We're in the afternoon session of the Gießen conference now (and I will need to run out a little early from here, in order to catch my train back to Hannover in the evening). The keynote speaker is Adam Arvidsson, whose interest is in what he calls the ethical economy (an online book of the same title is being released next week). Session chair Jörn Lamla introduces the session by referring to the German Website Ciao.de, a consumer-driven product discussion and rating Website (perhaps similar to sites like Epinions the English-speaking world) which is operated by a PR company - a kind of commercialisation of culture and a culturisation of commerce at the same time.

Adam begins by asking what the potentials of the generalisation of social production may be for an overcoming of conventional capitalist production - there is great potential for this in the ethical economy, he says. Customer co-production is a key trend of recent years, and in the 'exerience economy', customers are increasingly involved. Such initiatives, where they come from a marketing perspective, are managerial responses to an emerging new mode of production (what I would call produsage, I guess): variously described as social production, p2p production, open design, but not only online - even community-supported agriculture, and self-organised service economies (including LETS schemes, especially in large European cities) are part of this trend. (This trend is also driven further by current economic crises.)

Such initiatives, even where they take place online, are significantly supported by the Internet and related information and communication technologies. Leadbeater & Miller report that some 58% of the UK population are now engaged in social production; Adam's own research sets the figure as 83% (including purely online efforts) for Malmö. Such social production does not follow the value logic of capitalist production - value is not necessarily directly related to labour - but it does follow a value logic, if a different one.

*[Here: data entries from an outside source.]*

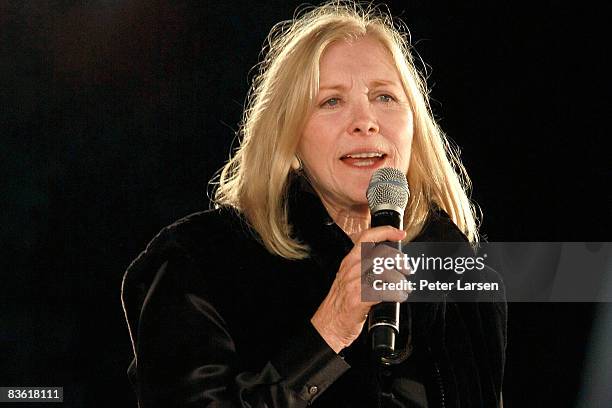 Susan Howard aka 'Donna Culver Krebbs' attends the 30th Anniversary Reunion of the TV show "Dallas" at South Fork Ranch on November 8, 2008in Parker,...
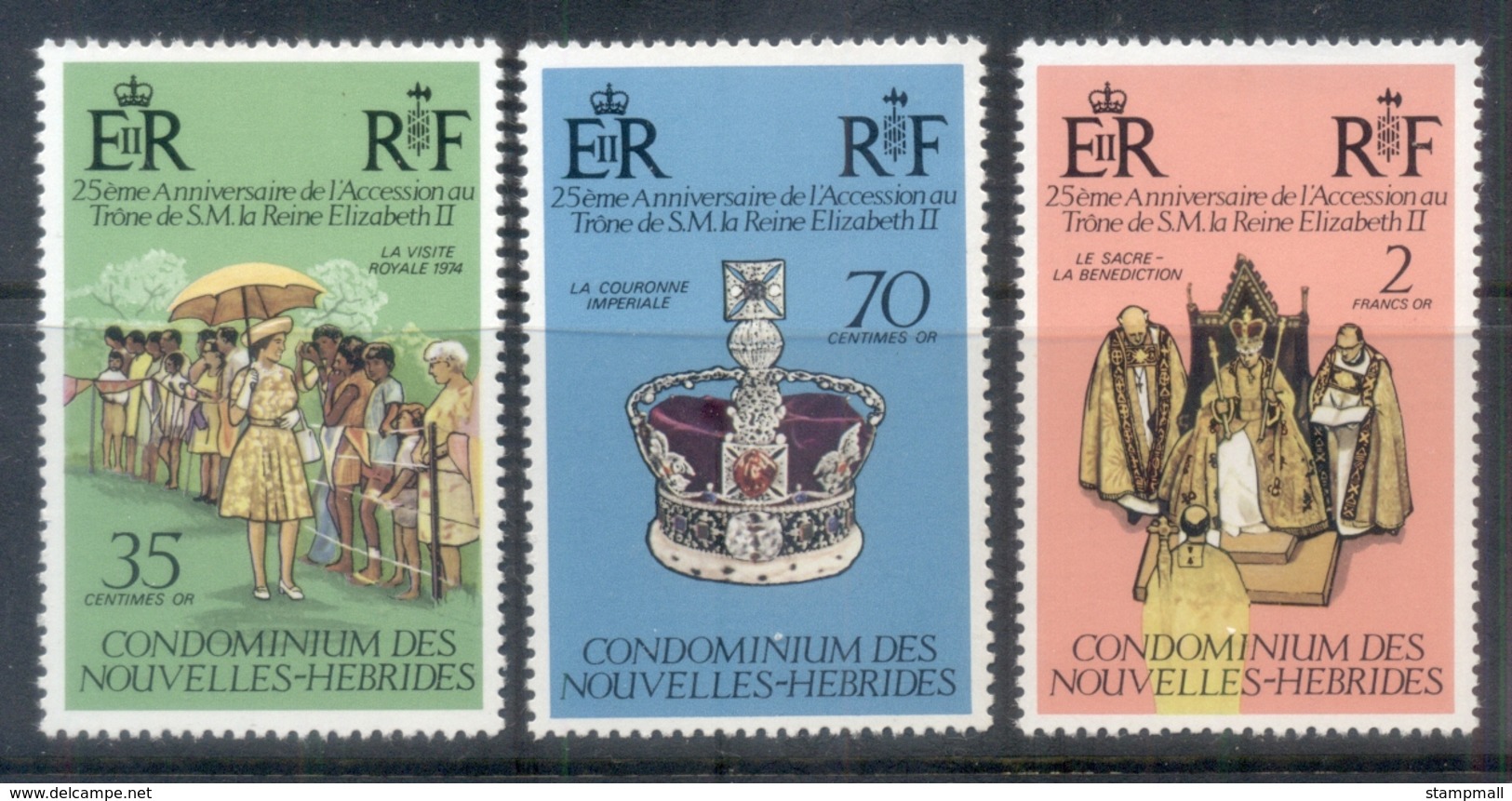 New Hebrides (Fr) 1977 QEII Silver Jubilee MUH - Unused Stamps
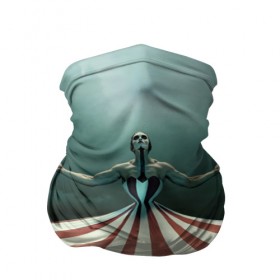 Бандана-труба 3D с принтом American Horror Story в Белгороде, 100% полиэстер, ткань с особыми свойствами — Activecool | плотность 150‒180 г/м2; хорошо тянется, но сохраняет форму | 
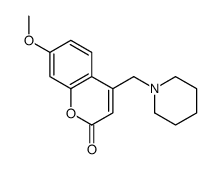 7-methoxy-4-(piperidin-1-ylmethyl)chromen-2-one Structure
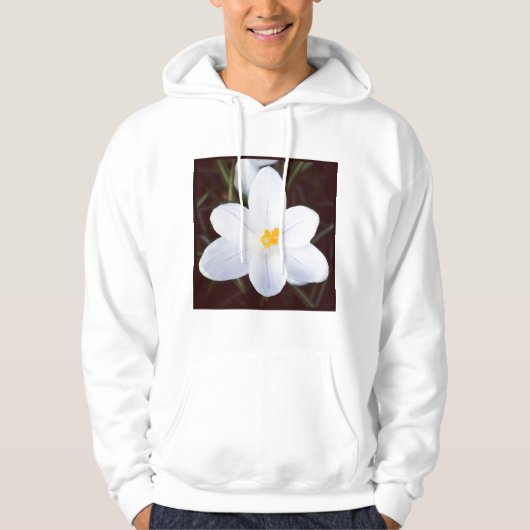 Vierkante foto - White Crocus Hoodie (Voorkant)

Social production is not beyond value, but value here is related not to labour time (or productive time) but to the ability to construct ethically significant social relations. Value here lies in the brand that forms community, the project team, the p2p network, the creative 'scene' - the ability to give organisation to a particular task or project, often on a nomadic, case-by-case basis.

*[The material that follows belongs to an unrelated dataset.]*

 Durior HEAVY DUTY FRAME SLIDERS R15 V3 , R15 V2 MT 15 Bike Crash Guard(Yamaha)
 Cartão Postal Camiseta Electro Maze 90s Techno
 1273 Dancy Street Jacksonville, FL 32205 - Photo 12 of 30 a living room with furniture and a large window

Social production realises an ethical economy, then. This economy is 'ethical' because value is contingent on the production of affectively significant ties (strong links in a world of weak links); actors are motivated not by money but by the social recognition of self; and value is communicated in 'ethical' media: networks and social recognition that measure and embody the social impact of a person or object. This ethical economy already has an important presence in contemporary capitalism, in brands, knowledge management, and corporate values. This is reflected in the growing financial importance of intangibles - indicated for example in corporate investment trends.

People have of course always organised their own processes of production, and people have always valued networks and respects; however, in the information society, such tendencies have been scaled up and the capacity for self-organisation is much greater. The potential for aggregating and communicating networks and respect is much greater (this is one of the attractions of social media, indeed), and the media for doing so are becoming objectified, much in the same way that in very early stages of the industry revolution the medium of capitalist exchange - money itself - was objectified.

This connects also to the continuing mediatisation of production and consumption, the socialisation of the means of cognitive production; to the now existential necessity to produce an identity; to the expansion of a new class of knowledge workers who value self-realisation; and to the expansion of education and the overproduction of university graduates in the last decades of the twentieth century, who have now become the workforce of the ethical economy. This affirmation of a new ethical economy is the consequence of the socialisation of the capitalist production process in the form of what Marx called General Intellect, Adam says. What creates value are not the means of production, but the ability to organise them in a meaningful way.

This trend will continue, because the ethical economy is more efficient as a source of immaterial expansion; because it will expand further into material production; and because it will form its own objective forms of value, its own 'iron cage': networking and rating are the fastest growing online activities, and projects and companies are emerging which aim to combine such ratings into more comprehensive indices, rating the overall ethical impact of companies, for example.

This way, brands can become the global public spheres that accompany global production processes, and such ethical indices can democratise financial markets and reconnect them to a 'real' economy (rather than providing only indices which rate brands against one another within a market).

We are seeing the emergence of a new economic form within the capitalist system, then, and this new economy will become very relevant for the organisation of the 21st century in terms of production, consumption, and value. In the longer term, capitalism will have to adapt to the logic of the ethical economy, and this ethical economy has the power to transform the central institutions of the current capitalist system.

That's the end of Adam's presentation - my apologies to the other panellists, but I have a train to catch!